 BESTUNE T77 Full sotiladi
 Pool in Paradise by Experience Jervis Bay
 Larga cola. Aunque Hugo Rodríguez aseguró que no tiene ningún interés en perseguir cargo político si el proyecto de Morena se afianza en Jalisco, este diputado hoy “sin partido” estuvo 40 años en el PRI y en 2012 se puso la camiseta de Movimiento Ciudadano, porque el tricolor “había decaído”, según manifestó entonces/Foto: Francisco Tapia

—————

## Aim of the exercise
The lines to copy run from the one containing "Pool in Paradise by Experience Jervis Bay" through the last line above. Copy them exactly and include nothing else.

## Response for this exercise
 Pool in Paradise by Experience Jervis Bay
 Larga cola. Aunque Hugo Rodríguez aseguró que no tiene ningún interés en perseguir cargo político si el proyecto de Morena se afianza en Jalisco, este diputado hoy “sin partido” estuvo 40 años en el PRI y en 2012 se puso la camiseta de Movimiento Ciudadano, porque el tricolor “había decaído”, según manifestó entonces/Foto: Francisco Tapia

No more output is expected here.